Webhooks

Set up outgoing webhooks to receive real-time notifications when VGuard events occur.

Overview

VGuard Cloud can send HTTP POST requests to your endpoints when specific events occur. Use webhooks to integrate with Slack, Discord, PagerDuty, or any custom system.

Setup

Navigate to Settings > Webhooks in the Cloud dashboard
Click Add Webhook
Enter your endpoint URL (must be HTTPS)
Select the events you want to receive
Copy the signing secret for verification

Supported Events

Event	Fires When
`drift.detected`	Convention drift exceeds your configured threshold
`debt.threshold_crossed`	Debt score crosses a warning or critical threshold
`rule_hit.block`	A rule blocks a tool execution during an AI session
`session.completed`	An AI coding session ends and data is synced

Payload Format

All webhook payloads follow the same envelope:

{
  "event": "rule_hit.block",
  "timestamp": "2026-04-03T14:30:00.000Z",
  "project": {
    "id": "proj_abc123",
    "name": "my-app",
    "slug": "my-app"
  },
  "data": {}
}

`rule_hit.block` Data

{
  "ruleId": "security/branch-protection",
  "severity": "block",
  "filePath": "src/index.ts",
  "tool": "Edit",
  "sessionId": "sess_xyz789"
}

`drift.detected` Data

{
  "score": 0.73,
  "previousScore": 0.85,
  "topDrifts": [
    { "rule": "quality/naming-conventions", "delta": -0.08 },
    { "rule": "quality/import-aliases", "delta": -0.04 }
  ]
}

`debt.threshold_crossed` Data

{
  "debtScore": 42,
  "threshold": 30,
  "level": "critical",
  "topContributors": [
    { "rule": "quality/anti-patterns", "hits": 18 },
    { "rule": "quality/no-console-log", "hits": 12 }
  ]
}

`session.completed` Data

{
  "sessionId": "sess_xyz789",
  "duration": 1823,
  "totalHits": 15,
  "blocks": 2,
  "warnings": 8,
  "info": 5
}

Signature Verification

Every webhook request includes an X-VGuard-Signature header containing an HMAC-SHA256 signature of the request body using your signing secret.

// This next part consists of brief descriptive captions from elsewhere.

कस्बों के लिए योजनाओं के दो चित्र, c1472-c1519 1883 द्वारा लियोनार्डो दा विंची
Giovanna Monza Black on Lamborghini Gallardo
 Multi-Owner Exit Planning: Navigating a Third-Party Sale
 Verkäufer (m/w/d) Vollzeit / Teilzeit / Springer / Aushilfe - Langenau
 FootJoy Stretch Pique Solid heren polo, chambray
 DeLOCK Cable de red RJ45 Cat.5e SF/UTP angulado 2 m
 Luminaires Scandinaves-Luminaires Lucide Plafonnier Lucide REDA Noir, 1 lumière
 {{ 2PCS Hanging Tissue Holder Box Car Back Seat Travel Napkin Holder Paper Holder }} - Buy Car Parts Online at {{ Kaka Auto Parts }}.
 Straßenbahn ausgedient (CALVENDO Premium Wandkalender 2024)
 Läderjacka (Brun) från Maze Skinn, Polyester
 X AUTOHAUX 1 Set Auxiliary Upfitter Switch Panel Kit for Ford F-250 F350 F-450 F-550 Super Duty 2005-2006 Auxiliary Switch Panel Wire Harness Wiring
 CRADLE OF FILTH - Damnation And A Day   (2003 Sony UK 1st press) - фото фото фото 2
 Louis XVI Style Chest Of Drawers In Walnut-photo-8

Verify it server-side to ensure the request is authentic:

import { createHmac } from 'node:crypto';

function verifyWebhook(body: string, signature: string, secret: string): boolean {
  const expected = createHmac('sha256', secret)
    .update(body, 'utf8')
    .digest('hex');
  return signature === expected;
}

Always verify signatures before processing webhook payloads.

Retry Logic

If your endpoint returns a non-2xx status code, VGuard Cloud retries with exponential backoff:

Attempt	Delay
1st retry	1 minute
2nd retry	5 minutes
3rd retry	30 minutes
4th retry	2 hours

After 4 failed retries, the delivery is marked as failed. You can view delivery history and retry manually from the webhook detail page in Settings > Webhooks.

Best Practices

Respond quickly: Return a 200 status within 5 seconds. Process the payload asynchronously if needed.
Verify signatures: Always validate the X-VGuard-Signature header.
Handle duplicates: Webhooks may be delivered more than once. Use the timestamp and event data to deduplicate.
Use HTTPS: Webhook endpoints must use HTTPS. HTTP URLs are rejected.